Postpartum haemorrhage: Cheap lifesaver 'cuts deaths by a third'

Media caption,

Severe bleeding after childbirth is the leading cause of maternal death worldwide

A cheap drug has been shown to stop women bleeding to death, in a discovery that should change practice around the world, say researchers.

Every year, 100,000 women die from massive bleeding in the moments after giving birth.

But an international study, in the Lancet, suggests "tranexamic acid" could cut that by a third.

Postpartum haemorrhage is the biggest cause of death during pregnancy and early motherhood.

"They gave me 41 bottles of blood," said Nosheen, from Rawalpindi, in Pakistan who nearly died after the birth of her daughter.

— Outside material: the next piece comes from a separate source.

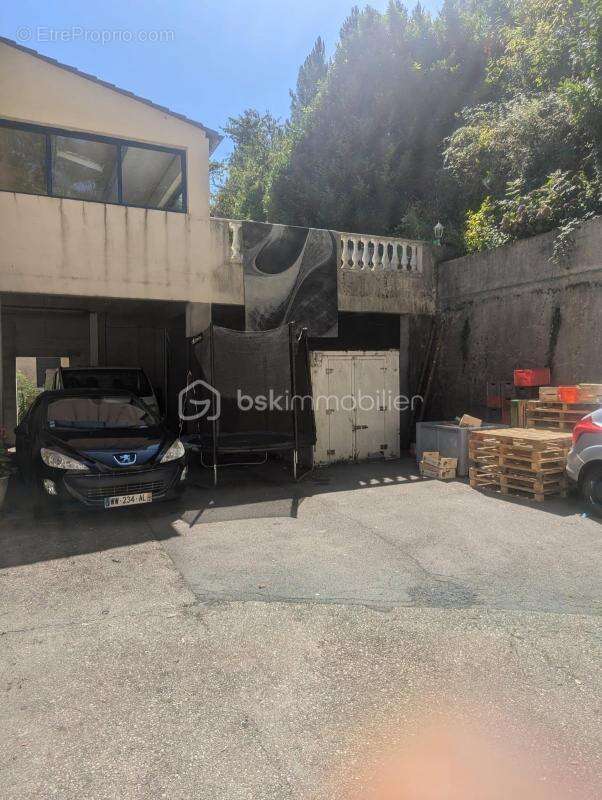 Maison à LES SALLES-DU-GARDON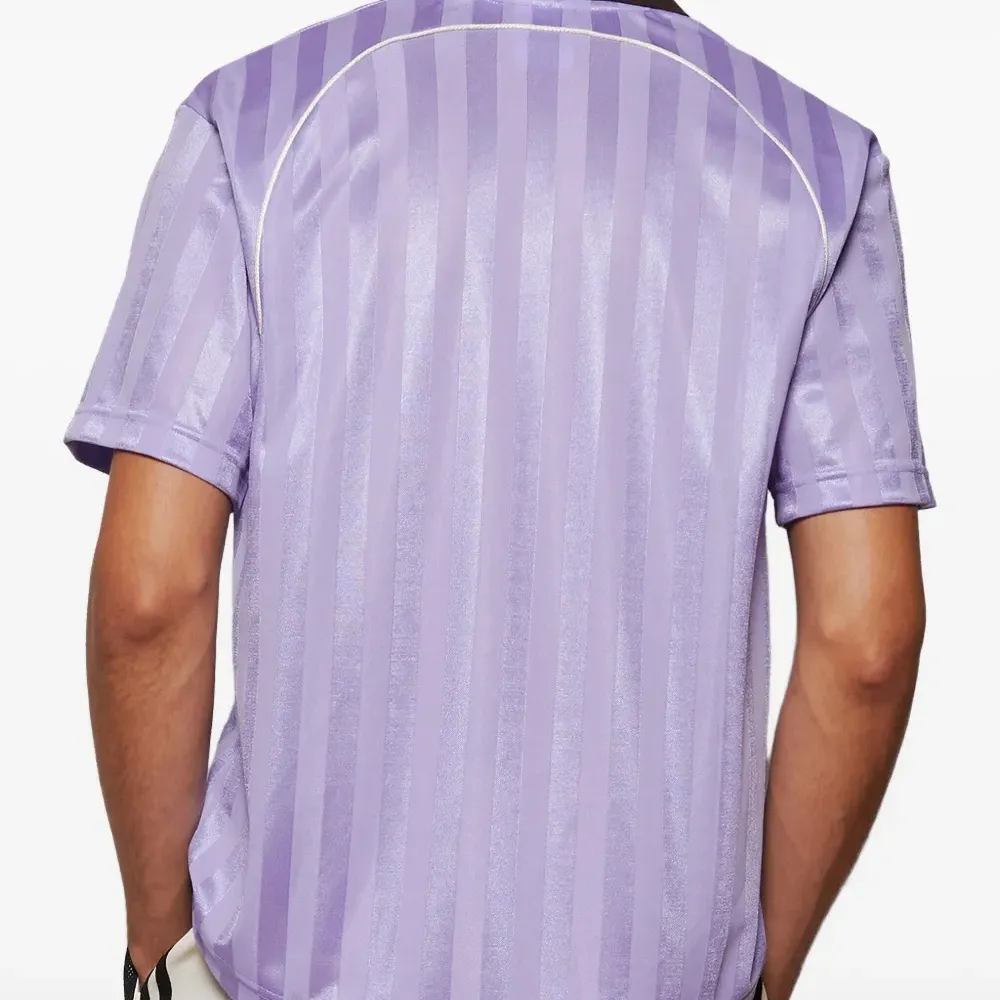 Футболка из коллаборации с Wales Bonner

Nosheen's life was saved only by an emergency hysterectomy.

She told the BBC World Service's Health Check programme: "Doctors told me that they will have to remove my uterus to save my life.

"My health is completely destroyed, and I am very upset about it."

Tranexamic acid might have helped Nosheen.

It stops blood clots breaking down to make it easier for the body to stem bleeding.

It was invented by husband and wife Shosuke and Utako Okamoto in Japan in the 1960s.

Image source, Okamoto family
Image caption,
Utako Okamoto in her lab in 1961

But they could not convince local doctors to perform a clinical trial for postpartum haemorrhage.

So instead it was picked up by a pharmaceutical company and used as a treatment for heavy periods.

And there the story nearly ended.

Eventually, a study was coordinated by the London School of Hygiene and Tropical Medicine in a collaboration of 193 hospitals mostly in Africa and Asia.

Prof Utako Okamoto died, aged 98, just after the 20,000th and final patient was enrolled on to the trial that would finally prove she had been right.

Lifesaving

It found tranexamic acid cut deaths by a fifth overall and by 31% in those given the drug within three hours of birth.

Prof Ian Roberts, one of the researchers, told the BBC: "We've got an important result.

"We found an inexpensive drug, given in a single shot, that reduces the risk of bleeding to death, and it should play a role in reducing maternal mortality around the world."

The World Health Organization said it would update its recommendations for treating postpartum haemorrhage treatment.

The findings would not have been a surprise to Utako.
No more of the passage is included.